Spiced ale refers to traditional ales flavored with non-traditional spices and herbs. Spiced ales are sometimes brewed as a seasonal beer, such as during the time of Christmas or other holidays.

==History==
An early written reference about spiced ale can be found in Geoffrey Chaucer's The Miller's Tale:

...He sente hire pyment, meeth, and spiced ale,
 And wafres, pipyng hoot out of the gleede...

Before about AD 1700 the word ale referred to a malt beverage made without hops, in contrast to hopped beer. In the early modern period the word ale can also refer to a beer brewed with a small quantity of hops. (Note: "The Liquor call'd Ale, in distinction from beer, is usually of less strength; and is less tinctured with the hop : being intended for drinking soon after it is brewed; not for keeping years as the other.")
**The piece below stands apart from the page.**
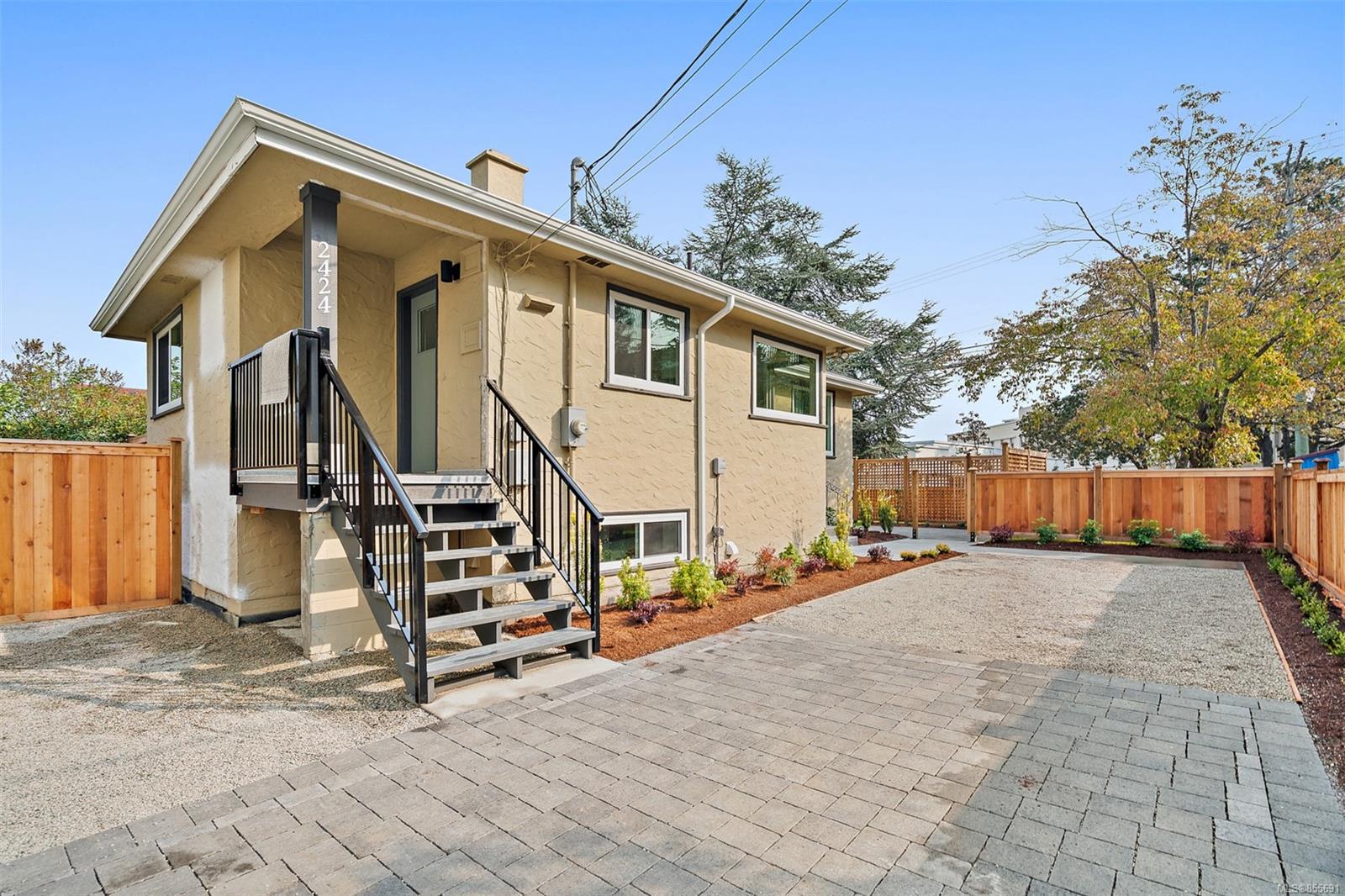 2424 Richmond Road, Victoria, BC, V8R 4S3 855691 Marten Homes Real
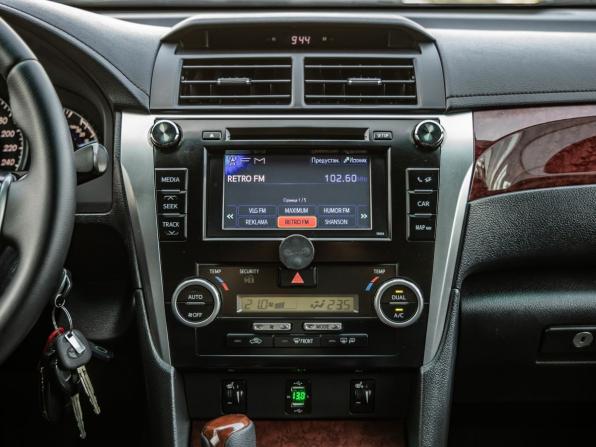 Toyota Camry VII (XV50) с пробегом 2014 года, цена 1 668 000 рублей, 237358 км, седан, Автокод Объявления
Sir Hugh Plat's Delightes for Ladies, published 1602, describes several ways to flavour previously brewed ales:
I Cannot remember that euer I did drinke the like sage ale at any time, as that which is made by mingling two or three droppes of the extracted oyle of sage with a quart of Ale, the same beeing well brued out of one pot into another: and this way a whole Stand of sage ale is very speedily made. The like is to bee done with the oyle of Mace or Nutmegs. But if you will make a right gossips cup that shall farre exceed all the Ale that euer mother Bunch made in her life time, then in the bottling vp of your best Ale, tunne halfe a pinte of white Ipocras that is newly made, and after the best receipt, with a pottle of Ale, stoppe your bottle close, and drinke it when it is stale: Some commend the hanging of roasted Orenges prickt full of Cloues in the vessell of Ale till you find the taste therof sufficietly graced to your own liking.

Costmary (also called alecost) is a bitter aromatic plant and was frequently put into ale. The 16th-century physician Thomas Cogan, describes "Alecoast Ale" in his Haven of Health as a pleasant drink. The plant is also mentioned in Gerard's Herball, or Generall Historie of Plantes in connection with ale. (Note: "Costmarie is put into Ale to steepe, as also into the barrels and Stands amongst those herbs wherewith they do make Sage Ale; which drinke is very profitable for the diseases before spoken of.")

Thomas Short in Medicina Britannica notes about meadowsweet that an "Infusion of the Leaves, in Wine or Ale, gives them a most grateful Smell and Taste, like Burnet". Likewise, he recommends avens root for flavouring wine and ale.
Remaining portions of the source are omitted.